2.  La Abogada Sustanciadora del Juzgado 3º Penal del Circuito con  Funciones de Conocimiento de Cúcuta, Viviana Carolina Montes  Yañez2,  como punto de partida efectuó una reseña de las  principales actuaciones procesales realizadas en el curso de la causa  penal seguida contra ARCADIO  ROBLES ACUÑA.  

En  cuanto a las alegaciones expuestas en la demanda de tutela indicó  que las mismas están encaminadas a generar un debate que no  corresponde hacerse bajo este mecanismo cuando, pues lo propio  hubiera sido que la parte actora interpusiera el recurso  extraordinario de casación, empero no lo hizo.  

Por  lo expuesto solicitó la declaratoria de improcedencia de la  demanda.  
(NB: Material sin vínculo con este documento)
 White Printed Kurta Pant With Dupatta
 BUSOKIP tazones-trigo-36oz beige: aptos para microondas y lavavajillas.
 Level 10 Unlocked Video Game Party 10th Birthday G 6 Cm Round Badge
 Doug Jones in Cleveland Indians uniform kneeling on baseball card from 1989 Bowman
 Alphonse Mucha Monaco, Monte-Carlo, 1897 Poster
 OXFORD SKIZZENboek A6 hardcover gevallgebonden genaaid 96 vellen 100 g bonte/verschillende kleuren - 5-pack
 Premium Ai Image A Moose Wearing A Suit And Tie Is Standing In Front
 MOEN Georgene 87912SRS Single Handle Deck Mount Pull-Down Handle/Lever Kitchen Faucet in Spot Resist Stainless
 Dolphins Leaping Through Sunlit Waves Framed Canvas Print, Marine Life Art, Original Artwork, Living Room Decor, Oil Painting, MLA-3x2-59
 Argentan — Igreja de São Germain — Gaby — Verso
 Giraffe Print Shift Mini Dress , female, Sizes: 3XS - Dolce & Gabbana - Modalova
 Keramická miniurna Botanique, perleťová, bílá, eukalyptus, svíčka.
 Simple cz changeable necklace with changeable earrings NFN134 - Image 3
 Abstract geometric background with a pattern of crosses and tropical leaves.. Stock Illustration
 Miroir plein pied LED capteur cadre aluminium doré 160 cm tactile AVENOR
3.  El Magistrado de la Sala Penal del Tribunal Superior del Distrito  Judicial de Cúcuta, Édgar Manuel Caicedo Barrera3,  concretó su respuesta a indicar que esa Corporación,  mediante sentencia del 25 de septiembre de 2018, confirmó  integralmente el fallo condenatorio del 29 de junio de 2018 dictado  por el Juzgado 3º Penal del Circuito de Conocimiento de esa  ciudad, en el que se declaró a ARCADIO  ROBLES ACUÑA  penalmente responsable por el delito de homicidio culposo agravado y  se le impuso la pena principal de 82 meses de prisión y multa  de 39.99 s.m.l.m.v., y las sanciones accesorias de inhabilitación  para el ejercicio de derechos y funciones públicas y privación  del derecho de conducir automotores y motocicletas por un lapso igual  al de la privación de la libertad; accediéndose a la  suspensión condicional de la ejecución de la pena.  

Allegó  copia de la providencia de segunda instancia, previamente citada4.  

4.  La Secretaria de la Sala Penal del Tribunal Superior del Distrito  Judicial de Cúcuta, Olga Enid Celis Celis5,  informó que esa Corporación profirió sentencia  de segunda instancia, en el marco del proceso penal con radicación  54001-61-06-173-2013-80662-00,  en audiencia pública que tuvo lugar el 25 de septiembre de  2018.  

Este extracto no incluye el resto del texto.